Home Base: Crouch End

Our base is 5 miles from the center of the city, in the north London neighborhood of Crouch End. The name, derived from Middle English, means more or less the “outlying cross” or “cross at parish end.” Crouch End is at the junction of four important roads. Initially a cross marked this intersection, replaced in 1895 with a clock tower that still stands and is about two blocks from our house.

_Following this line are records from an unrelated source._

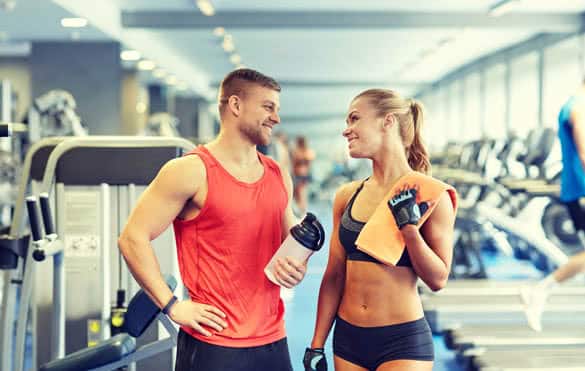 smiling man and woman with protein shake bottle and towel talking in gym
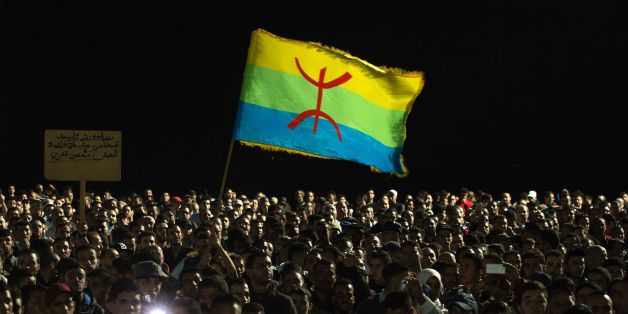 Protesters hold the Amazigh (Berber) flag as they shout slogans in the northern city of Al Hoceima on October 30, 2016, following the death of fishmonger Mouhcine Fikri, who was crushed to death on October 28 in a rubbish truck in Al Hoceima, as he reportedly tried to protest against a municipal worker seizing and destroying his wares.
Thousands of Moroccans on October 30 attended the funeral of the fishmonger whose gruesome death in a rubbish truck crusher has caused outrage across the North African country. An image of his inert body -- head and arm sticking out from under the lorry's crushing mechanism -- went viral on social media, sparking calls for protests nationwide including in the capital Rabat. / AFP / FADEL SENNA (Photo credit should read FADEL SENNA/AFP/Getty Images)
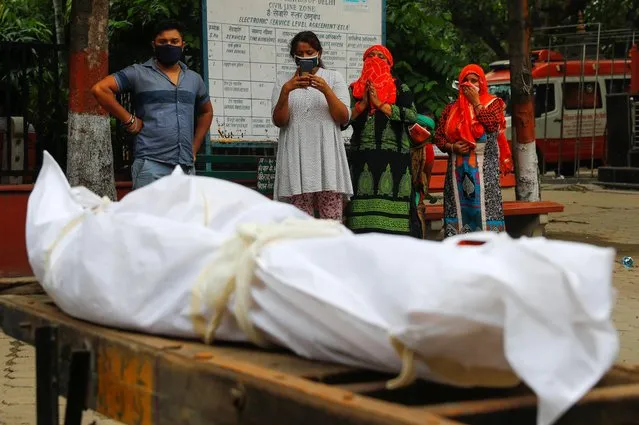 Relatives mourn as they stand next to the body of a man who died due to the coronavirus disease (COVID-19), at a crematorium, in New Delhi, India September 7, 2020. (Photo by Adnan Abidi/Reuters)
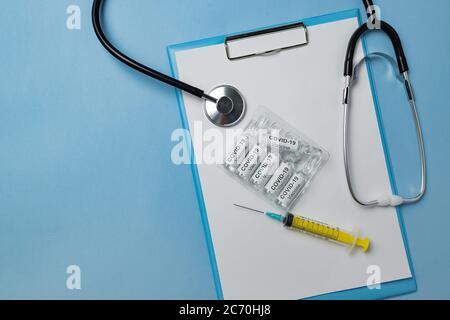 Stéthoscope, flacons de vaccin, seringue et document sur fond bleu. Vaccin contre la grippe coronavirus. Banque D'Images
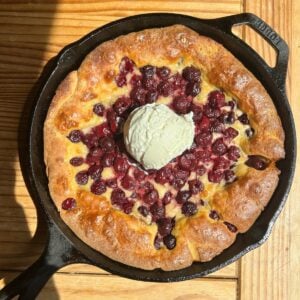 A cast iron with protein cherry cobbler in it.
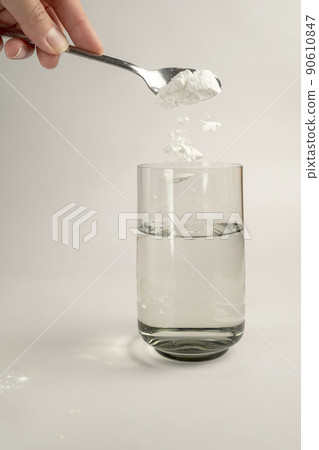Woman pours collagen powder or protein in a glass of water on a beige background. A healthy and anti aging supplement. Copy space Woman pours collagen powder or protein in a glass of water on a beige background. A healthy and anti aging supplement. Copy space 90610847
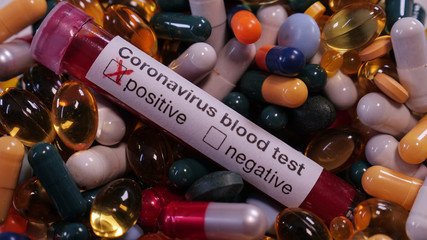 Positive coronavirus blood test surrounded by hundreds of colorful pills. Concept: COVID-19 virus...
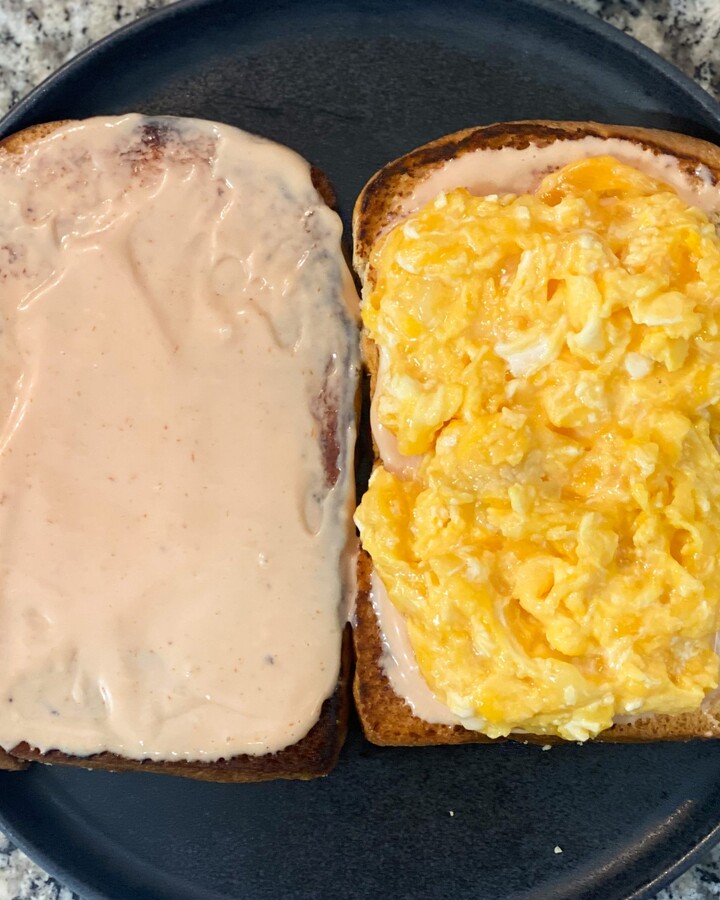 Spread mix Sriracha hot sauce on grilled toast. And add Scramble egg, and protein. Top with mixed sriracha sauce.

At the end of the 18th century, Crouch End was home to wealthy merchants who wanted to live in a cleaner environment than what crowded London offered. Prosperous suburbanites lived here in the 19th century. After WWII, Crouch End’s fortunes declined and big houses became bedsits. I can see how our five bedroom house would have filled that function, with two or three bedroom/sitting rooms on each floor sharing a common bathroom. In the 1980’s, Crouch End again became a middle class community when multi-unit student digs were sold to single families.

Supposedly, during its hippie-dippy days, Bob Dylan recorded in Crouch End at the invitation of Dave Stewart of the Eurythmics. Writer Stephen King wrote a horror story about Crouch End after getting lost on his way to dine with a friend. (“There are still strange occurrences in Crouch End, and …very occasionally, people are known to ‘…lose their way. Some lose their way forever.'”) Laurel and Hardy performed here, and Marcel Duchamp drank in Crouch End. So far, we are still standing, sober and aiming to leave unscathed on August 1.